Another good scene (a third is below) from the Landmark Book Our Independence and the Constitution by Dorothy Canfield Fisher, published by Random House, New York, (c) 1950, is this one from the beginning of the book (p. 20):
Once a tiny little girl who lived on Dr. Franklin’s street looked up from the sand pile where she was playing and saw that the short, broad, stooped old doctor and the slim, tall, young delegate had stopped beside her. Smiling pleasantly, Mr. Jefferson leaned down to pat her head. “I have a little daughter at home, just about your size,” he said. “She has hair just the color of yours. Her name’s Patty. What’s yours?”

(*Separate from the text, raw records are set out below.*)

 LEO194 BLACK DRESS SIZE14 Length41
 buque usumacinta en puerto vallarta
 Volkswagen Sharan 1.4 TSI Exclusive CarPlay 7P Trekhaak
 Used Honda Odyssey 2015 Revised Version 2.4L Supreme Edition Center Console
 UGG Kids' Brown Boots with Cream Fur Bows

“Debby,” said the child, not much interested. People were always saying they had little girls at home “just your size.”
But after they walked on, Debby’s two big brothers came pelting out from their house to say, “That was Mr. Jefferson and old Dr. Franklin! They spoke to you. Don’t you ever forget that!”

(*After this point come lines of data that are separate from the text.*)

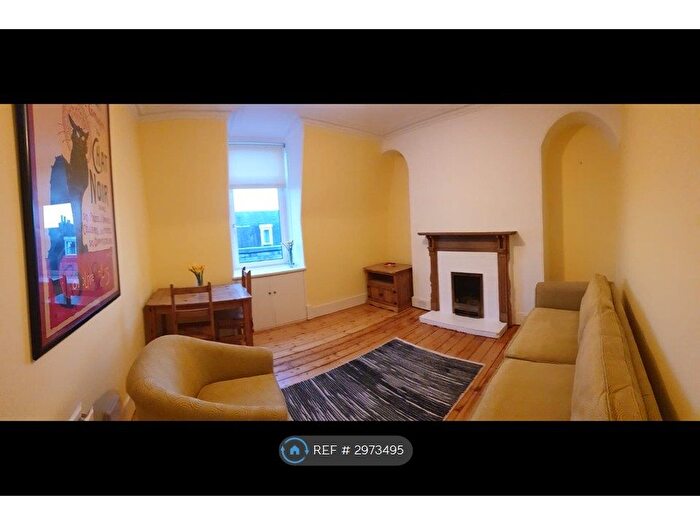 2 Bedroom Flat To Rent In Lamond Place, Aberdeen, AB25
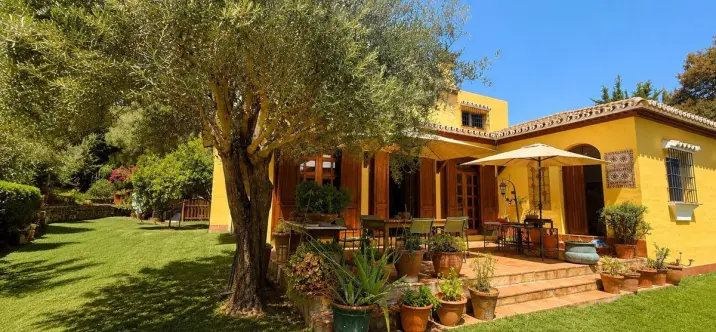 Alquiler a largo plazo de villa independiente en Marbella 0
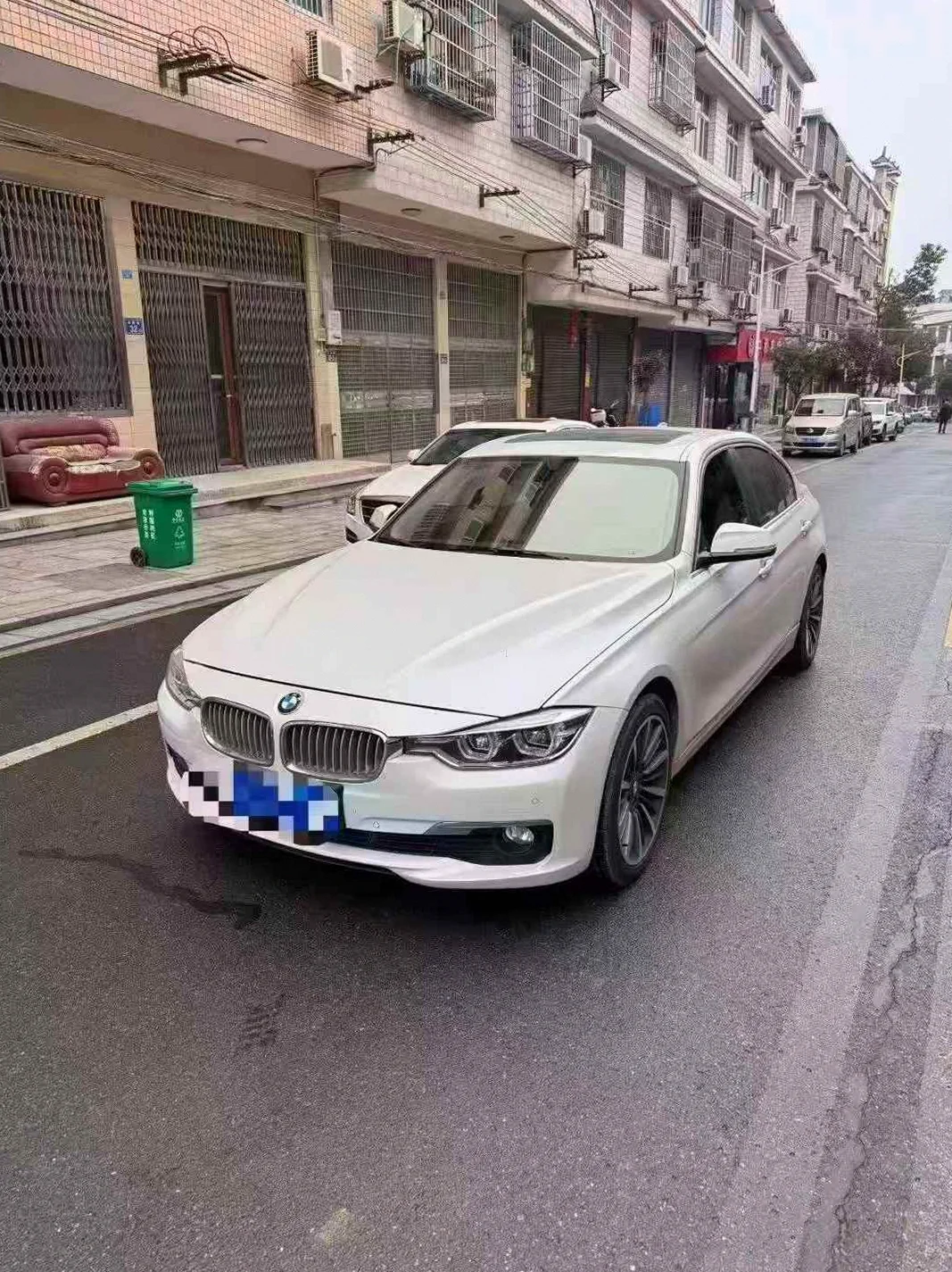 宝马3系 正面外观三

Such hero-worship of the Founding Fathers is proper, honest, and an act of justice.
Today, in contrast, the Founding Fathers are too often targets of derision, hate, slander and libel.
Are those judgments fair or unfair, honest or dishonest? How do you know? Can you prove it? What is your evidence and your reasoning?

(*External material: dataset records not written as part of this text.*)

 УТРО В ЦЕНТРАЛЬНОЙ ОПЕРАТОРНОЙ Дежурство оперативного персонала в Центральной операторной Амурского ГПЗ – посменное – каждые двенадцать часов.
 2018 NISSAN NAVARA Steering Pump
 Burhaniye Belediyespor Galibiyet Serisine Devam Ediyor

And you cannot judge the Founding Fathers based on modern standards any more than you can condemn an ancient Egyptian Pharaoh for not establishing a free country or any more than you can condemn a 35-year-old for something she did when 3 or 4.
What did the Founding Fathers do in their historical context? What happened in human history before the Founding Fathers?
What ideas and moral values did the Founding Fathers act on? Which ideas and values were — in fact, not in gossip or bad history — the driving forces of their lives? What were the good things and the bad things about the Founding Fathers?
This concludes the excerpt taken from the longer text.